In src/lib.rs we implement a small function that prints a message to stdout:

#[no_mangle]
pub extern fn print_hello_from_rust() {
    println!("Hello from Rust");
}

To explain #[no_mangle] and extern let me extract some quotes from: FFI with Haskell and Rust article:

{% blockquote %} The #[no_mangle] tells the Rust compiler not to do anything weird with the symbols of this function when compiled because we need to be able to call it from other languages.
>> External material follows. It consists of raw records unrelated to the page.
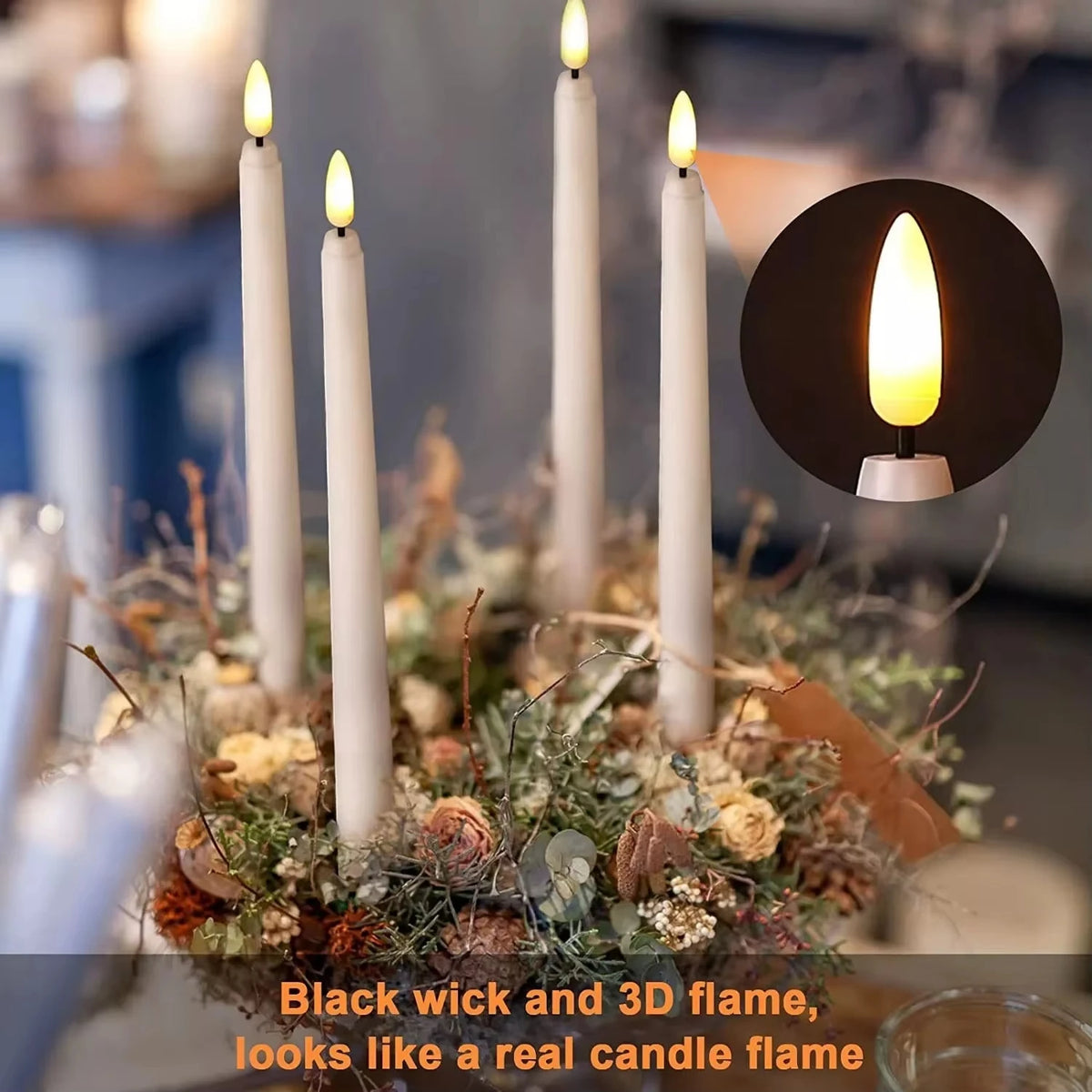 LED Flameless Taper Candles With Remote Flickering Battery Operated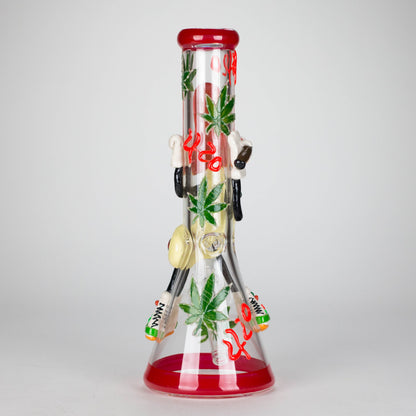 13" Shroomed Out Glow in the dark Glass Bong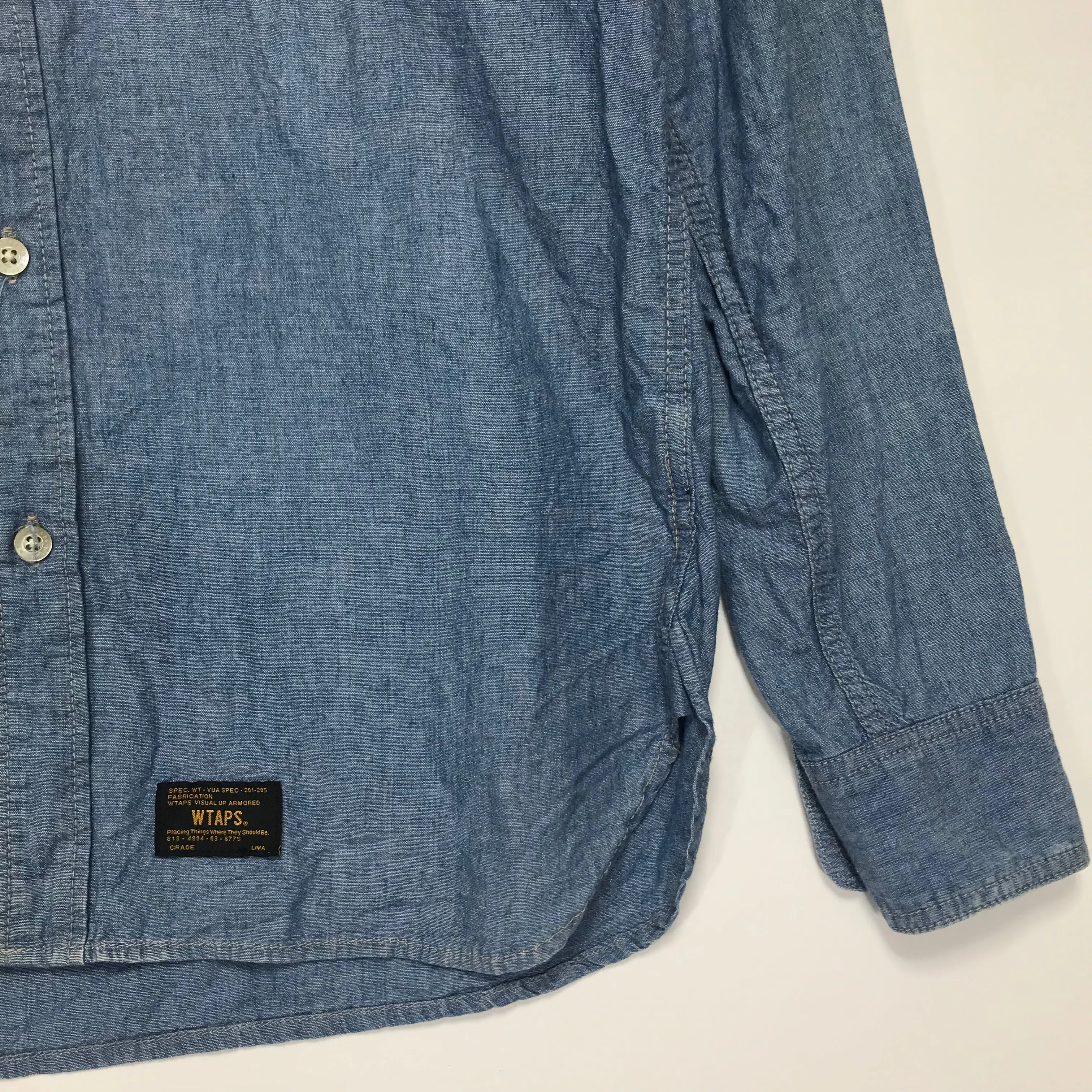 [L] WTaps 14AW Cell L/S Chambray Shirt Blue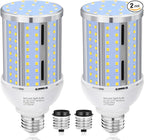 50W LED Corn Light Bulb(2 Pack),(490 Watt Equivalent) Fanless E26/E39 Medium/Large Mogul Base LED Cob Lamp 5000K Daylight 6,200LM for Outdoor Indoor Garage Warehouse Factory Workshop Street Backyard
This is needed if you plan on doing any FFI. Not doing so means you won't be able to reference it in other languages {% endblockquote %}

{% blockquote %} extern means this is externally available outside our library and tells the compiler to follow the C calling convention when compiling {% endblockquote %}

Let's compile our lib:

cargo build --release

It creates target/release/libwhatlang.so file.
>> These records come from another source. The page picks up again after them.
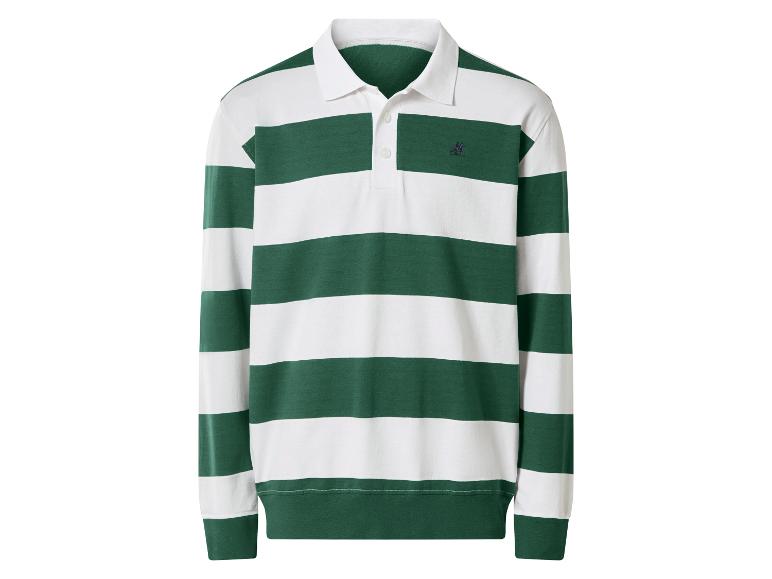 Grün-weiß gestreiftes Langarm-Poloshirt mit weißem Kragen und Knöpfen.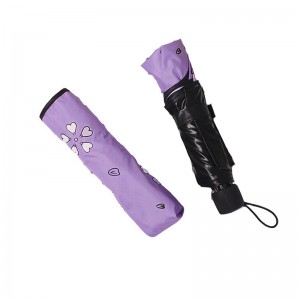 Vackert tryck 3-faldigt manuellt öppet magiskt färgbytande paraply under regn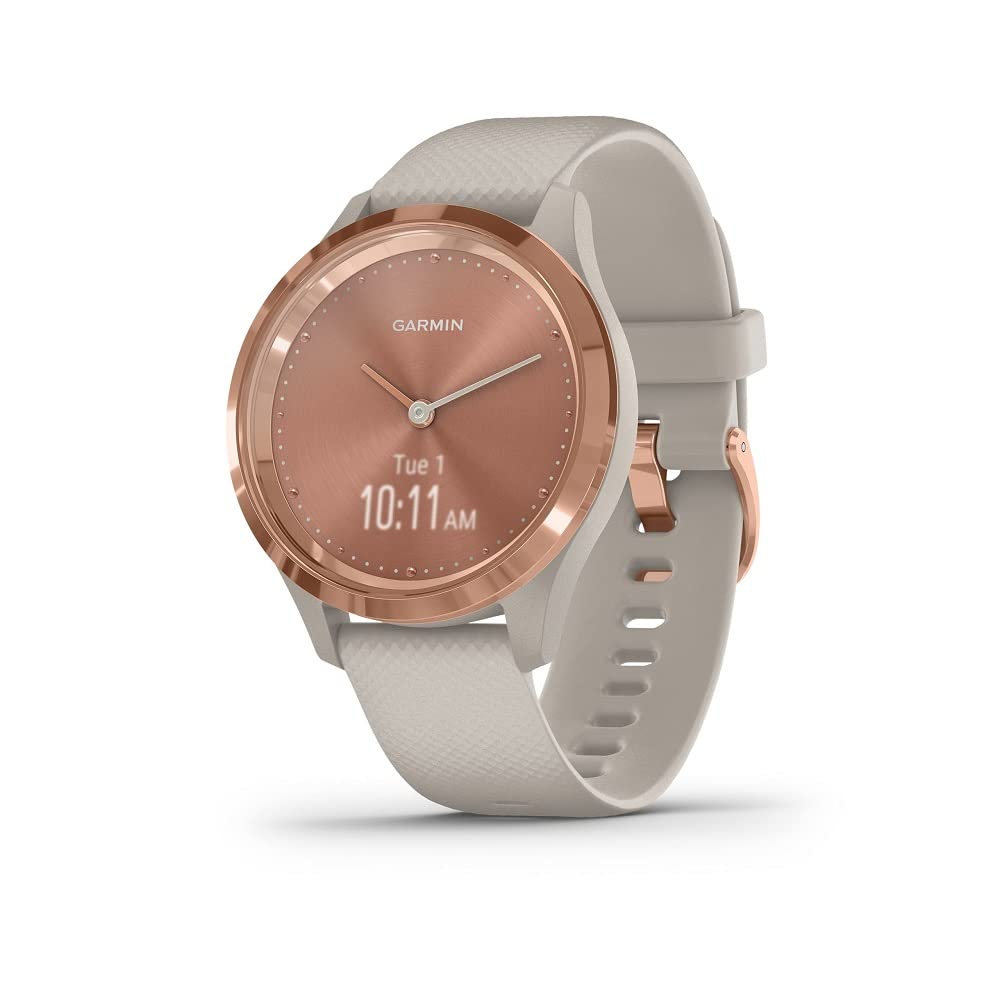 Garmin Hybrid Smartwatch with Real Watch Hands and Hidden Color Touchscreen Displays, rose gold with light sand case and band, 39mm, 010-02238-02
Now using nm tool we can check that libwhatlang.so really contains print_hello_from_rust() function:

nm -D ./target/release/libwhatlang.so  | grep hello
0000000000003190 T print_hello_from_rust

Then we need src/whatlang.h header file with a function declaration:

void print_hello_from_rust();

And finally a C program itself (we put it into examples/hello.c):

#include "whatlang.h"

int main (void) {
    print_hello_from_rust();
}

Let's compile!

gcc -o ./examples/hello ./examples/hello.c -Isrc  -L. -l:target/release/libwhatlang.so

This produces examples/hello binary, which we can run:

./examples/hello
Hello from Rust

During the development process we'll likely need to recompile and run the program frequently. To automate this let's create a Makefile with few commands:

GCC_BIN ?= $(shell which gcc)
CARGO_BIN ?= $(shell which cargo)

run: clean build
	./examples/hello
clean:
	$(CARGO_BIN) clean
	rm -f ./examples/hello
build:
	$(CARGO_BIN) build --release
	$(GCC_BIN) -o ./examples/hello ./examples/hello.c -Isrc  -L. -l:target/release/libwhatlang.so

Now, we can run make run to recompile lib.rs, hello.c and run hello binary.
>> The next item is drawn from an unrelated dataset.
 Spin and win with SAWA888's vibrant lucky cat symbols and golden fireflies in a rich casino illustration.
In the rest for the article I'll go through common problems, design decisions and pitfalls I faced.

Naming conventions

Since C does not have namespaces (some people may disagree) I had to stick to some rules in order to avoid name collision with other libraries and confusion:

Similar logic rules apply to everything else. It may seem too verbose, but as I see it's a pretty common approach for many C libraries.

Representing plain enums

In whatlang I have enum Lang, which is probably is main entity in the library. First I had to add #[repr(C)] to make rust compiler represent the data in memory in the same way as C does:


#[repr(C)]
pub enum Lang {
    Aka,
    Amh,
    Arb,
    // and so on
}

Lang represents 83 different languages, which can be encoded with 1 byte. That was my initial assumption an it seemed to be correct, until later I uncovered some bugs.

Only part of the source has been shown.